How to complete this task: Repeat, word for word, each of the records shown below, without their pictures.

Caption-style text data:
§ §

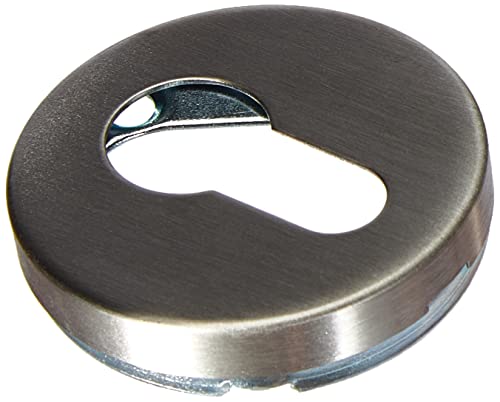 Bricard 667021 Paire de rosaces INOX Tempo pour Porte d'entrée Cover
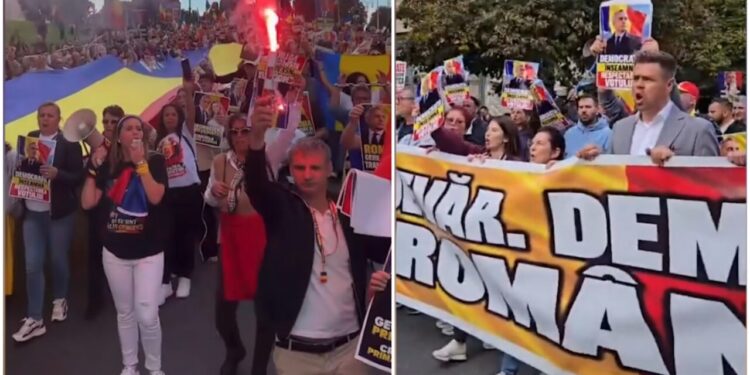 mii-de-romani-din-italia-au-manifestat-la-roma-pentru-eliberarea-lui-calin-georgescu.-autoritatile-italiene-au-autorizat-protestul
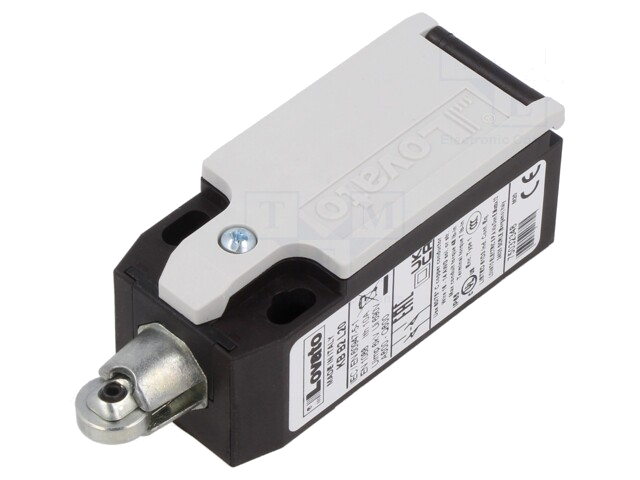 Eindschakelaar; metalen rol Ø11mm; NO x2; 10A; M20; IP65; -25÷70°C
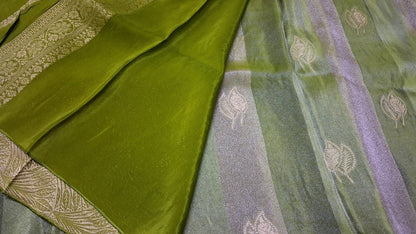 Tissue saree with zari work
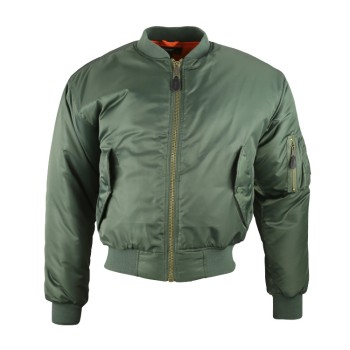 MA1 Bomber Jacket Green L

§ §

Task solution:
 Bricard 667021 Paire de rosaces INOX Tempo pour Porte d'entrée Cover
 mii-de-romani-din-italia-au-manifestat-la-roma-pentru-eliberarea-lui-calin-georgescu.-autoritatile-italiene-au-autorizat-protestul
 Eindschakelaar; metalen rol Ø11mm; NO x2; 10A; M20; IP65; -25÷70°C
 Tissue saree with zari work
 MA1 Bomber Jacket Green L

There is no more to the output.